9 Tips for Choosing a Voice Over Talent
Congratulations. Your hard work of research, writing and rewriting has paid off and you finally have a script for your company’s new video! Now–if you haven’t already–it’s time to find someone to bring your words to life.
Occasionally this search can begin–and end–right at work. After all, who else knows your company’s “story” and brand better than its owner or CEO? (Consider Wendy’s Dave Thomas, George Zimmer for Men’s Wearhouse, or even our “friend in the diamond business,” Tom Shane from The Shane Company.)
Obviously, there are plenty of examples when this wasn’t a good idea. Truthfully, this is usually a job that’s better left to a voiceover (VO) professional. Either way, we’re here to help you successfully navigate this part of the video production process with a list of important considerations:
1. Think brand first
When searching for voice talent, keep in mind, this person will be representing your company’s brand. So strive to find a voice that personifies (or at least, compliments) your company’s tone, character and unique personality. To this end, it often helps to ask, “if my company was an actor/famous person/etc., who would it be?” Once you’ve settled on a direction, you can then set out to find a voice that’s similar or offers many of the same (vocal) characteristics.

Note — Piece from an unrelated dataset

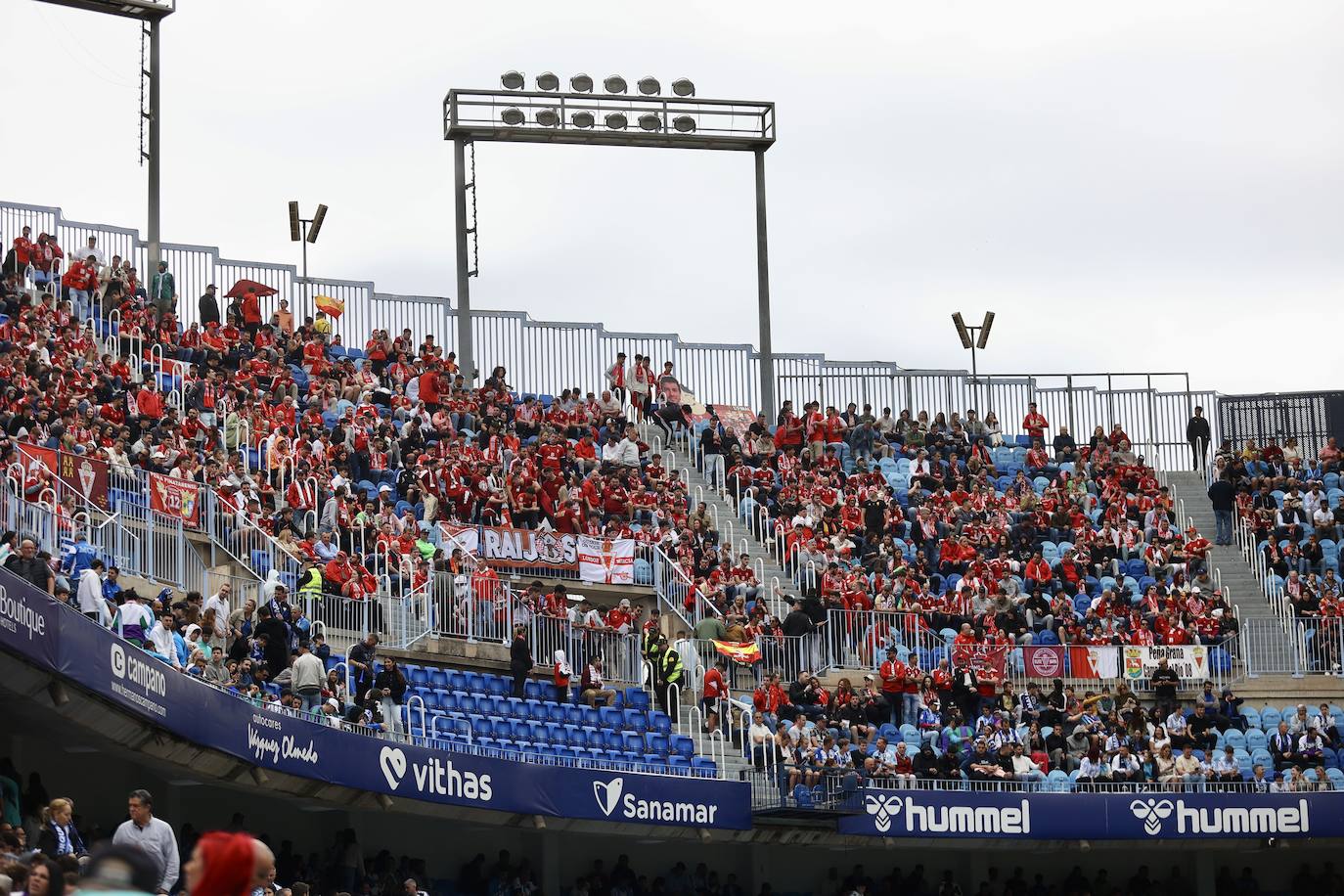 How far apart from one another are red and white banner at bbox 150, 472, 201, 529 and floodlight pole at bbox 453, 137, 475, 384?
14.4 meters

Some services, products or brands are fairly gender specific and naturally lend themselves to a particular voice for more obvious reasons. When selecting a male or female voiceover should focus on which one you feel your target audience would relate to and connect with more. Either way, once you’ve settled which direction you prefer, it’s important to find the right tonality that works best regarding the essence of your content. In the light of diversity, going with a gender-neutral voice may be an option, too.

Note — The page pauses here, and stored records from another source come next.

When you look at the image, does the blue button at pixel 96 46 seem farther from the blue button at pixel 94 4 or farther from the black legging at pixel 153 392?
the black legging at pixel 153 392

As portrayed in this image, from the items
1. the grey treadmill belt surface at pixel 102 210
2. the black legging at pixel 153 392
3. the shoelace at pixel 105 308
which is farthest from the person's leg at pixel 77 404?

Friendly. Dramatic. Authoritative. “How” your script is read is just as important as “what” is actually said. So, if your video offers a “how-to” message, you’ll probably want to direct your voice talent to “read with a smile” so their tone comes across as positive, helpful or even encouraging. Even if your video’s message is more on the technical side, remember, most people want to be spoken “to” not “at”. In general, a message will resonate with an audience when it’s delivered in a friendly, more conversational manner.
“Said” not “read”. When an actor reads your script, the last thing you want is for them to sound like they are an actor reading your script. The “best” delivery is one that sounds genuine. Even if it’s delivered by an “expert”. Because more often than not, content is received (i.e., heard and processed) more intently if it sounds less deliberate or “prepared”. Additionally, if a read is too fast, the talent may come across as nervous or less believable. If it’s too slow, they may seem unsure about what they’re saying and, further, your audience may not believe what’s being said in your video.
The best way to successfully connect–and engage–with your audience is to ensure that your VO comes across with sincerity and a certain level of “emotion”. Yes, this even applies to technical content that’s fairly straightforward and tends to be a bit “dry”. Also, it’s important that your voice professional offers some degree of versatility. That way, when you’re not quite sure how a particular line should be read, they can provide you with a few options. This can come in very handy when you’re editing the audio track. It’s always nice to have choices!
Consider your target audience and what sound they might respond to best or “whom” they’ll believe more? For example, an English accent could help to “elevate” the messaging (and brand perception) for an upscale sports car. While a Cajun restaurant might consider using a voice actor with a southern Louisiana accent for a bit of authenticity. Usually, if business is in the area–or region–your aim should be “relatability”. You absolutely want to sound like a local.
Enunciation is a fairly obvious quality to expect from your VO, right? Absolutely! For this reason alone, our advice is to employ the services of a trained and experienced professional voice actor. They will nearly always deliver the words of your script–clearly and accurately–exactly as you wrote them. Here again: remember your brand! Perhaps nothing will lessen the perceived quality of your brand quicker than a voice actor who mumbles or mispronounces words.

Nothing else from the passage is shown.